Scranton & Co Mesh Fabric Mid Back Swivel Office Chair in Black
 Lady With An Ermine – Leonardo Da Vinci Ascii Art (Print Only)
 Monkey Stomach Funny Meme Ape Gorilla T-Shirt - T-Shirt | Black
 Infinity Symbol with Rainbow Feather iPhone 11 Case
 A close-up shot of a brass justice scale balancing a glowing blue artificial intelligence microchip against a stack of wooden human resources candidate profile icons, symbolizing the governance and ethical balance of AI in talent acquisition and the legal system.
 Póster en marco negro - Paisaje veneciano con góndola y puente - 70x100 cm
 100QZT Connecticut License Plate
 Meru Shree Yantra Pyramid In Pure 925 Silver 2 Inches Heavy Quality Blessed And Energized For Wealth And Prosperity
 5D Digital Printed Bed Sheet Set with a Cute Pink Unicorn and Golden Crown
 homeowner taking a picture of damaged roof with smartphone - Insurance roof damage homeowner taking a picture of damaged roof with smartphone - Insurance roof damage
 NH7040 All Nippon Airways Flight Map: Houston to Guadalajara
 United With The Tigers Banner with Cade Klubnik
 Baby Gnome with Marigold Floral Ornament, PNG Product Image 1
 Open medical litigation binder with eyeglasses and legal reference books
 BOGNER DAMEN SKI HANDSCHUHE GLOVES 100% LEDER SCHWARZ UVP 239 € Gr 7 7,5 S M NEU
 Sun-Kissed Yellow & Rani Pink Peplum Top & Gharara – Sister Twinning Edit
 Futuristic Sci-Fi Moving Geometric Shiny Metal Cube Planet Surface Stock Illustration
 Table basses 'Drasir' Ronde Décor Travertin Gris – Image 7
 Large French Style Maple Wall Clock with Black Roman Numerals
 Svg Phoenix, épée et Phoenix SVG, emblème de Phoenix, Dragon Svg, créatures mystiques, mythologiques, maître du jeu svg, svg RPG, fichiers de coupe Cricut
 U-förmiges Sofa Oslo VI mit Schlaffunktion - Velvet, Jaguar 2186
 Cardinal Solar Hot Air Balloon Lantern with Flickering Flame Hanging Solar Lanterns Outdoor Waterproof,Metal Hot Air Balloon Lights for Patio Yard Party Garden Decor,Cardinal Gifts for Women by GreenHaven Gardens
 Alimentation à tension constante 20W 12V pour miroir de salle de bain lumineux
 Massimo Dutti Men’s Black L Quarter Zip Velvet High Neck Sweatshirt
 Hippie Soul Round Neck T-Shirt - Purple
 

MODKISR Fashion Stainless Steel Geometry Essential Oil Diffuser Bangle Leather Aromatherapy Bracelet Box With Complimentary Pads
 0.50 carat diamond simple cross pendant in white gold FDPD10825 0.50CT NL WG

───

■ **Action item**
Within the material, find all lines that hold the word "Velvet" and show them.

■ **Written answer**
 U-förmiges Sofa Oslo VI mit Schlaffunktion - Velvet, Jaguar 2186
 Massimo Dutti Men’s Black L Quarter Zip Velvet High Neck Sweatshirt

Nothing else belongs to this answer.